William Piper introduced his J-3 Cub with a Continental A-40 engine. And as often is the case, that first powerplant just did not have enough horsepower to make the Cub perform as its designer believed it should.

But up front on WAAAM's Cub at this year's EAA AirVenture Oshkosh is a Lenape Papoose LM-3 three-cylinder radial engine, a part of what the organization believes to be the largest collection of flyable three-cylinder-powered airplanes in the world.

"The A-40 makes 37 hp," said Western Antique Aeroplane and Automobile Museum (WAAAM) chief pilot and curator Ben Davidson. "When Lenape came up with this engine that made 50 hp, Piper put one on [a Cub]. Fifty hp is actually quite an increase, and this performs pretty good.

"The biggest problem with this engine is that Lenape recommends an overhaul every 200-300 hours. It didn't turn out to be the most reliable [option]."

Papoose-powered Cubs carry the designation J-3P. Piper typically suffixed J-3 models with the first letter of the engine manufacturer's name. A Cub with the J-3L designation already denoted a Lycoming-powered craft, so the Lenape-powered planes invoke the engine model J-3P, for Papoose.

Piper built between 13 and 30 Cubs with the little radial. Three remain on the FAA's registry, with WAAAM's being one of two known to be in flyable condition.

Prompted by the 75th Anniversary of the Cub design being celebrated here at EAA AirVenture Oshkosh 2012, WAAAM decided to bring its rare bird. Only it hadn't flown in 21 years.

But the engine started right up, and after a few test flights, the plane was disassembled for a road trip to Hartford, Wisconsin.

When asked why WAAAM chose not to fly it all the way here from its home in Hood River, Oregon, Lee Borchers, a WAAAM pilot who flew the plane in the Cub mass arrival this past Sunday, pointed at the windshield.

"This is 45 miles," Borchers said. The windshield was almost completely obscured by oil. "They are so rare...it would be taking quite a chance. It could have been done, but I think it might have taken the same amount of time (as driving)."

It took 10 hours of concerted effort to assemble the plane in Hartford.

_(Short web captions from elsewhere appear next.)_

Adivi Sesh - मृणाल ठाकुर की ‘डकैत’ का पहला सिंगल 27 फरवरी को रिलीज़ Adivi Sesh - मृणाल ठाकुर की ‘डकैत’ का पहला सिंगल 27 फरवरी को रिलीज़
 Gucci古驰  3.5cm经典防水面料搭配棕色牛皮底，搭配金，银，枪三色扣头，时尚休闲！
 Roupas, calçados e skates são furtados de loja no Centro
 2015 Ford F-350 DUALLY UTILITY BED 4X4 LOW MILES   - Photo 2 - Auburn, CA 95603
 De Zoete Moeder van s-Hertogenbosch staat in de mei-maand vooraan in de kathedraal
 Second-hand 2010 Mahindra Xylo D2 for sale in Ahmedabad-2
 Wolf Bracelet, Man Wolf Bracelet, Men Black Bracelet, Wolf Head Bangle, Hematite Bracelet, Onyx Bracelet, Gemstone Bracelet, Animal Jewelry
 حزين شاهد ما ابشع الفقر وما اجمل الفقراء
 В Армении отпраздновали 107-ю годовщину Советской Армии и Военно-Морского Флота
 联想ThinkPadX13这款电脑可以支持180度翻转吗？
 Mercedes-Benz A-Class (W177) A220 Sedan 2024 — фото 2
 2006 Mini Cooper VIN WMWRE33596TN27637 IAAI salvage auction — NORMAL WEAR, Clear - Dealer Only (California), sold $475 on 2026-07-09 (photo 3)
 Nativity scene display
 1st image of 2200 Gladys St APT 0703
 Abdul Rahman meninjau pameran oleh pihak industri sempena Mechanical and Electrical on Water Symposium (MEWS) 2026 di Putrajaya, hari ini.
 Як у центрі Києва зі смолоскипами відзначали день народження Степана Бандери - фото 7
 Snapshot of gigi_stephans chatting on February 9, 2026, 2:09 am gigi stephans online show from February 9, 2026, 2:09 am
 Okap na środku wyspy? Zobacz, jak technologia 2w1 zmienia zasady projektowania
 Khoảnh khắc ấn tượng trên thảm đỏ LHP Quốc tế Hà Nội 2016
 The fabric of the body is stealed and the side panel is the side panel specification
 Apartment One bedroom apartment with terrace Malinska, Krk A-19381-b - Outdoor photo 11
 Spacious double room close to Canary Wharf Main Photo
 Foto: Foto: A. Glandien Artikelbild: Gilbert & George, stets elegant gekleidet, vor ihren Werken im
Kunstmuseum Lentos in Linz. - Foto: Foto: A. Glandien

"I don't know how many people worked on this airplane with me [last Saturday], at least eight to 10," Borchers said. "But I tried to let all of them fly it before it got dark. I had a lot of help."

WAAAM founder Terry Brandt acquired the Cub in the 1980s. A core feature of the museum's collection of 82 flyable aircraft is a number of unique powerplants like the three-cylinder radials.

Engine reliability and a reputation for excessive vibration likely contributed to the model's short life, though Davidson doesn't believe the power option is much different than other Cub versions.

"I think it is a pretty good-running airplane," he said. "When you take off, it performs just as good as a stock 65-hp Cub."

Davidson went on to say Beverly (Bevo) Howard used a Lenape Cub in an air show routine. Howard is credited with executing the first ever Cub outside loop with the Papoose-powered version.

WAAAM's J-3P is parked just east of the V Red Barn.